Next, we can define the network as a seperate expression. Notice the threading macro `->`, which takes the first argument and places it as the first argument to the next argument in the series. This is a prebuilt threading macro in Hy and its very useful in defining long functional expressions in an inline format. The resulting expression is very clean and easy to follow. Thanks to PyTorch's functional API, we can take full advantage of threading macros for our network definitions. The next section will talk more about threading and the custom threading macros provided in HyTorch for more complex network designs.

In [6]:
; Defining a simple feed-forward NN as an S-Expression
(setv nn-def '(-> W_0 
                  (tfun.linear W_1 W_2) 
                  tfun.sigmoid 
                  (tfun.linear W_3 W_4) 
                  tfun.sigmoid))

; Print
(print-lisp nn-def)
(print-lisp (macroexpand nn-def))

(-> W_0 (tfun.linear W_1 W_2) tfun.sigmoid (tfun.linear W_3 W_4) tfun.sigmoid) 
(tfun.sigmoid (tfun.linear (tfun.sigmoid (tfun.linear W_0 W_1 W_2)) W_3 W_4)) 


[None, None, None]

Macros are powerful tools and allow for the extension of the source langauge into one that more accomadates the problem space. Here, we define a new macro which returns an expression for our parameter initialization routine.
By defining is procedure as a macro, the evaluated S-expressions will have access to the global variables defined in the notebook already. This macro can be later called to reset the network as needed.

In [7]:
; Define network parameter init procedure
(defmacro init-params []
  '(do (eval create-leafs) 
       (eval init-weights)))

; Initiate Parameters
(init-params)

[<function init_params at 0x115db17b8>, [None, None, None, None, None]]

Finally, let's run forward propagation of the network graph by simply evaluating our network expression and storing the resulting output in a new variable. By keeping model components seperate from one another, we have more modular control over what is being executed making debugging and refactoring much easier. 

In [8]:
; Running Forward Prop
(setv out (eval nn-def))
(print out)

tensor([0.3209], grad_fn=<SigmoidBackward>)


[None, None]

<a name="s42"></a>
### Expression Threading:
Hy has some pre-built threading macros to help write nested functions in inline
notation. This is a great start, but can be improved with some more advanced features to keep with inline notation while providing argument broadcasting and multidimensional threading for more complex computational graphs. 

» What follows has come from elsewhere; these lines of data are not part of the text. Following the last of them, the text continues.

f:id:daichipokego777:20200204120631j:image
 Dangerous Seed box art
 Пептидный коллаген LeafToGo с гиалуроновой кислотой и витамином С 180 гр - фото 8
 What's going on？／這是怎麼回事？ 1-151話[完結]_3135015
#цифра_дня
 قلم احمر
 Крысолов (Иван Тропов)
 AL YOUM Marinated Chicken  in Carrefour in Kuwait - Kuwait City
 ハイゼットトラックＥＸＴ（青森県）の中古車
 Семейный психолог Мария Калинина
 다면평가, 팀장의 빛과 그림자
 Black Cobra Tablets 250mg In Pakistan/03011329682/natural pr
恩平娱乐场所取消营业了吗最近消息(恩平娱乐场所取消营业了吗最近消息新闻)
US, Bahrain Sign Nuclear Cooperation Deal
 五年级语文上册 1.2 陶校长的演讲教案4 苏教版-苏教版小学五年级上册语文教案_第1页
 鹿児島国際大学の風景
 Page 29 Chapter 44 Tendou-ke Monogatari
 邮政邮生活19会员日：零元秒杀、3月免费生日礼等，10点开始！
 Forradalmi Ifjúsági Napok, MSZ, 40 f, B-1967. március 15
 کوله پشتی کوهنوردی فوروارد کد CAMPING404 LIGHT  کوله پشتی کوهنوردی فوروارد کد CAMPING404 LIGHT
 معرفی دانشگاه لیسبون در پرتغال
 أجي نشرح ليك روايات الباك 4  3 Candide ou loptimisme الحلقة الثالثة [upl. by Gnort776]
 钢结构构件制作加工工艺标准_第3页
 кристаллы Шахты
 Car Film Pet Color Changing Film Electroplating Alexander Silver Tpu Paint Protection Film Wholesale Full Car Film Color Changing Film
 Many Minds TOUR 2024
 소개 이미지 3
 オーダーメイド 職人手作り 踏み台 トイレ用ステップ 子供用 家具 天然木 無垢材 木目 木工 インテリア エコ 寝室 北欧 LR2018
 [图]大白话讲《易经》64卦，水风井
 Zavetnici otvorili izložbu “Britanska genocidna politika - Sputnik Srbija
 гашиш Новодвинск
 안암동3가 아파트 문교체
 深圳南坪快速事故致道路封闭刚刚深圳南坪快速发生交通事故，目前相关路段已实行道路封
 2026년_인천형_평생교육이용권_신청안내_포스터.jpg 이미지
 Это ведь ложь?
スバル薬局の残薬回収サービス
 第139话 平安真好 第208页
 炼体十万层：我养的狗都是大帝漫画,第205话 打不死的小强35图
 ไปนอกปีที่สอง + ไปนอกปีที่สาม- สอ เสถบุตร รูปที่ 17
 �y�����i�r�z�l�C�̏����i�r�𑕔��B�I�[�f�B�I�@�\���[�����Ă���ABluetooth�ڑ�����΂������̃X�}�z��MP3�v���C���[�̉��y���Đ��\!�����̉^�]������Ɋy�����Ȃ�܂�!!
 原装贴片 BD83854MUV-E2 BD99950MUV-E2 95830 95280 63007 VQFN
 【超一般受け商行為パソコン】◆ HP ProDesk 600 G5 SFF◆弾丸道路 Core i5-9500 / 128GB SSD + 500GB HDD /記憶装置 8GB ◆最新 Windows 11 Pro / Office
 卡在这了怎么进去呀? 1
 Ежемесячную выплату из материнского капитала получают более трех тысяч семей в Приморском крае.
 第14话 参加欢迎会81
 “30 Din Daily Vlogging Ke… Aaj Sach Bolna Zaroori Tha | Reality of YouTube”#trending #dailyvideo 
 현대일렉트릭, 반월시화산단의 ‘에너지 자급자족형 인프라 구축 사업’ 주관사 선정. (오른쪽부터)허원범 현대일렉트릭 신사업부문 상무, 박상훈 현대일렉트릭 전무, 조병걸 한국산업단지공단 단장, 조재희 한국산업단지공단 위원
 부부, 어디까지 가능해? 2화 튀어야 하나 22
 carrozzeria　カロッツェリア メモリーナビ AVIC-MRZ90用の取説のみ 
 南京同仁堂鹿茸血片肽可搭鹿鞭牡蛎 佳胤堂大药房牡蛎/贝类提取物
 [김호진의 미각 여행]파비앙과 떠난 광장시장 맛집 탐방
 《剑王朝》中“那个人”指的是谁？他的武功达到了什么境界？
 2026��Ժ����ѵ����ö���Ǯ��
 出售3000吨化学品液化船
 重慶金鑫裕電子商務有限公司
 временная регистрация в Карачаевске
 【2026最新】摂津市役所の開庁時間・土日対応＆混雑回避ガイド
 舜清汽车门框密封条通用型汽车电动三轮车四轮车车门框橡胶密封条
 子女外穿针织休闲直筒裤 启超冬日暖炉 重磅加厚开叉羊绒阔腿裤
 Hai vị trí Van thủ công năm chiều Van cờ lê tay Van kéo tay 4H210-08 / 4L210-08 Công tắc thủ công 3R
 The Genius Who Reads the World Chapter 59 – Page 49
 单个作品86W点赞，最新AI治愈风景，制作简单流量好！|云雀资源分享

Let's first review the two threading macros native to Hy, those being `->` and `->>`. These thread the arguments into each other's first or last argument slot respectively. For example:

In [9]:
; Head Threading
(print-lisp (macroexpand '(-> 10 (+ 2) (* 5) print)))

; Tail Threading
(print-lisp (macroexpand '(->> 10 (+ 2) (* 5) print)))

(print (* (+ 10 2) 5)) 
(print (* 5 (+ 2 10))) 


[None, None]

This is great for defining sequential computational graphs, but it becomes a bit messy when dealing with branching architectures. For these cases, we can use the broadcasting threading macros `*->` and `*->>`. This set of macros allows for arquitectures with multiple input/outputs or branching intermediate layers.

In [10]:
; Head Broadcast Threading
(print-lisp (macroexpand '(*-> [input1 input2] tfun.matmul (tfun.add bias) [tfun.sigmoid tfun.relu])))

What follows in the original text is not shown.